*The problem with having a chronic illness is…..everything.

*You want to live in denial. At least, I did. I first was told about my possible liver disease in Summer 2005. When I saw my hepatologist the first time, she showed me a full-sized model of a liver. First side was a normal liver; the other liver had lumpy fibroses all over it. I turned the liver back to the normal side and announced, “I don’t like the other side.”

I stayed in denial until February 2008 when I had a massive internal bleed and nearly died from it. Then I got it. It was real.

*With any liver disease (mine is an autoimmune disorder, PSC-Primary Sclerosing Cholangitis), there is muscle wasting which just gets worse over time. That means weakness. That really pisses me off. It also means serious loss of weight. I started out at 140 pounds, in really good shape, when I was diagnosed. Now I’m lucky if I weigh over 112. Hate it. And hate now being able to open little packages or bottles.

*Waiting for transplant is agonizing. I’ve been waitlisted since 2008 – eight years now. I finally went to Cleveland Clinic so I could be multi-listed. My chances are much higher for getting a transplant much sooner. At Cleveland I only have to have a MELD score of 20 (Model Endstage Liver Disease). At Univ. of Colorado I had to have a MELD of 27-32, and oh by the way, that means I would also have cancer – hepatocarcinoma or cholangiocarcinoma, a really deadly form of cancer. Thanks very much, but I think I’ll skip that.

*I now have to take medications on a very strict schedule. When cholestyramine was added because of what feels like terminal itching, I have to take pills and then wait an hour to take the cholestyramine. THEN I have to wait four hours before my next pills, et cetera ad nausea. I take three packets of chole. a day, so that stretches it out to ten to twelve hours to get all my meds down. I’m owned by my alarm on my iPhone. When I first take my pills, I set up the schedule on the alarms. Really and truly sucks big time.

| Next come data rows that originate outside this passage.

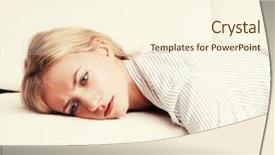  Presentation with grief - Amazing slide set having women feelings - sad young woman at home backdrop and a cream colored foreground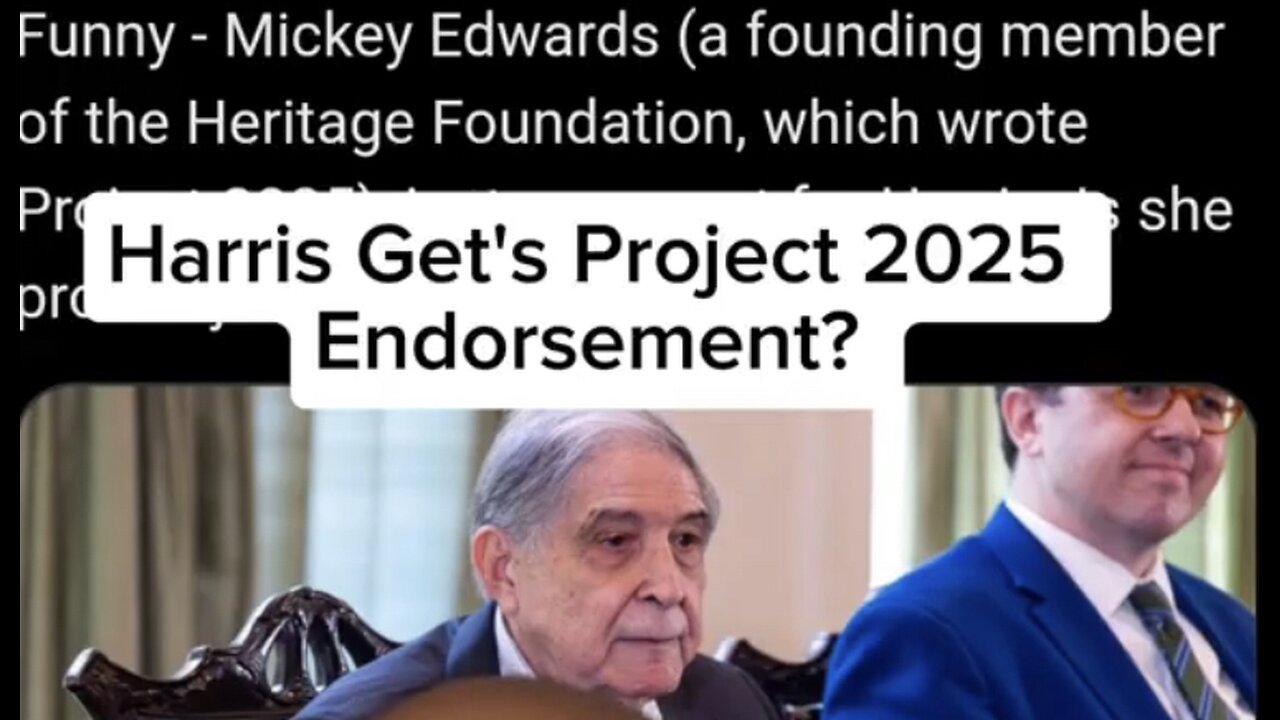Founding Trustee of Heritage Foundation, Who Wrote Project 2025, Openly Endorses Kamala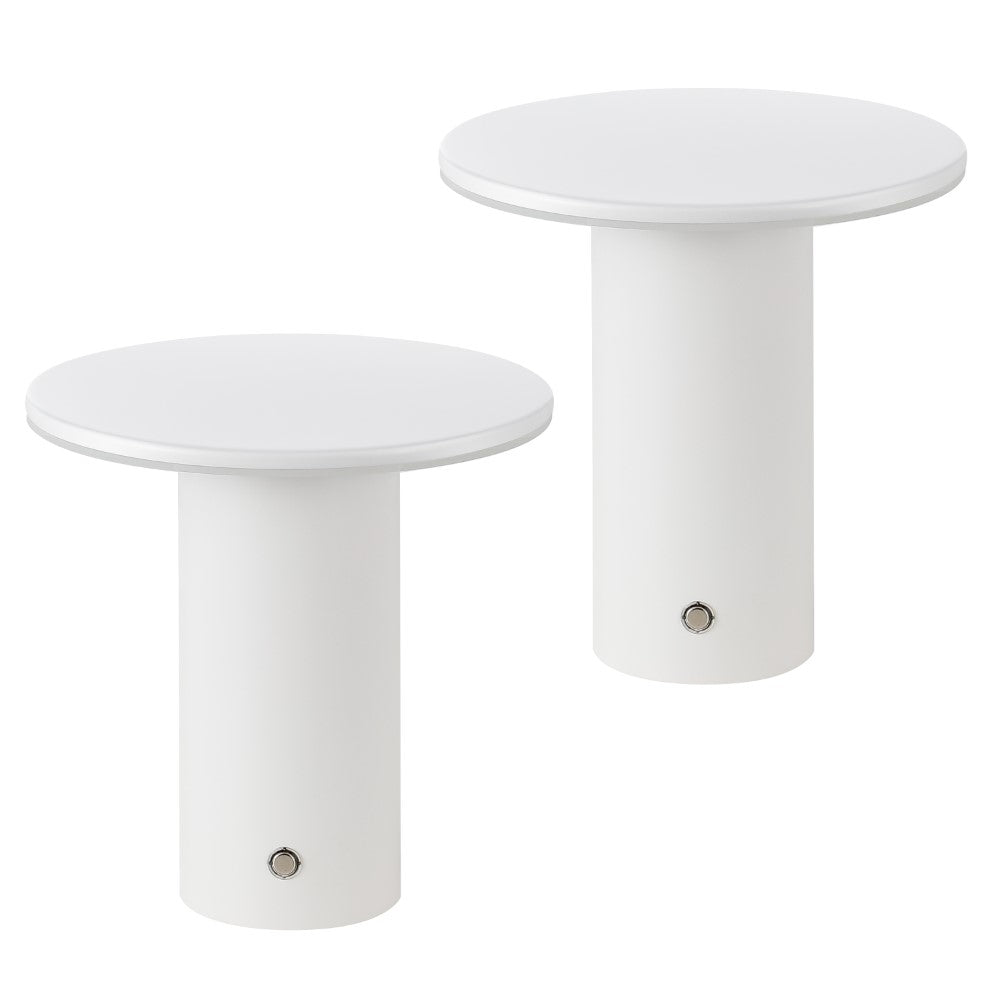 Ewell 7.5" Modern Minimalist Column Rechargeable/Cordless Dimmable Integrated LED Table Lamp with Touch Sensor Set 2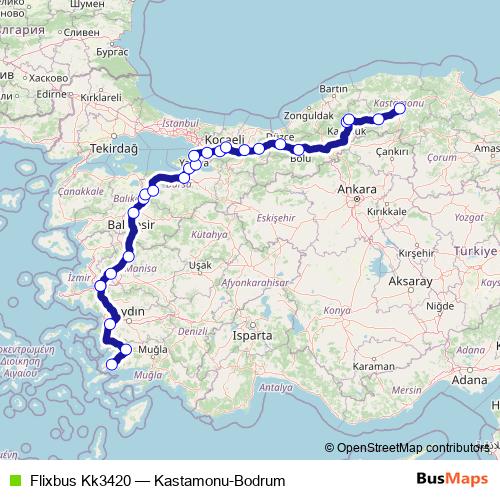 Flixbus Kk3420 bus Line Map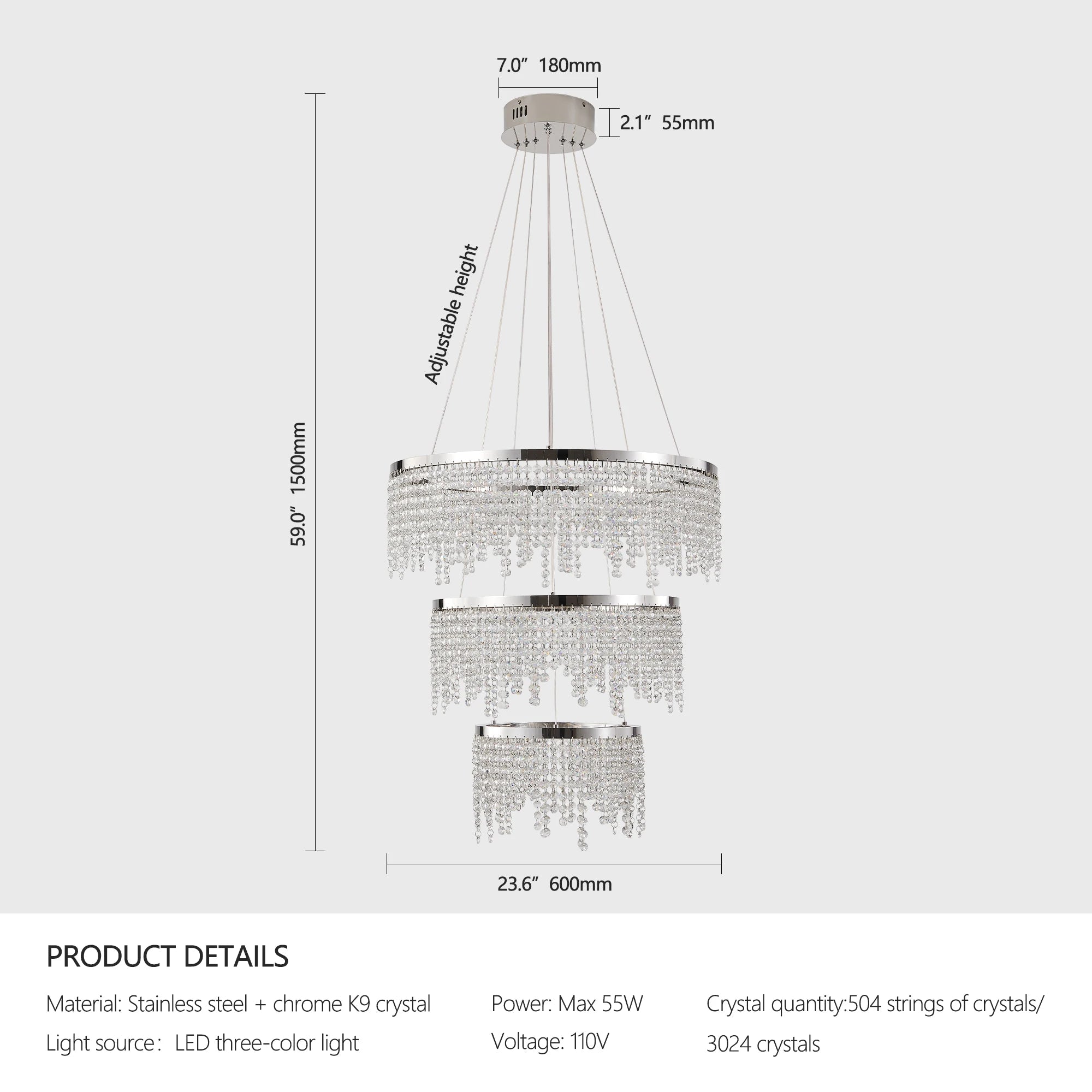 23.6-inch Crystal Chandelier, Dimmable Led Ceiling Lamp, Adjustable Color Temperature 3000K/4000K/6000K, Height Adjustable, Luxury Round Chandelier, Suitable for Living Room, Dining Room, Bedroom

*I glow in the dark now because of getting double-contrast CT scans every six months, and usually when I’m admitted to the hospital. Then there are ERCPs (endoscopic retrograde cholangiopancreatography). I’ve had 24 of them now. But I can’t have stents anymore placed in my constricted bile ducts because they migrate in less than 24 hours, causing narcotic-sized pain, and I’ve sometimes been hospitalized for the pain. But my best endoscopist ever (and I’ve fired two of them) can schedule it and get it done in just five days. He totally rocks, Dr. Gus Attwell.

That’s about it or all I can think of now. Or I’m just back in my usual denial.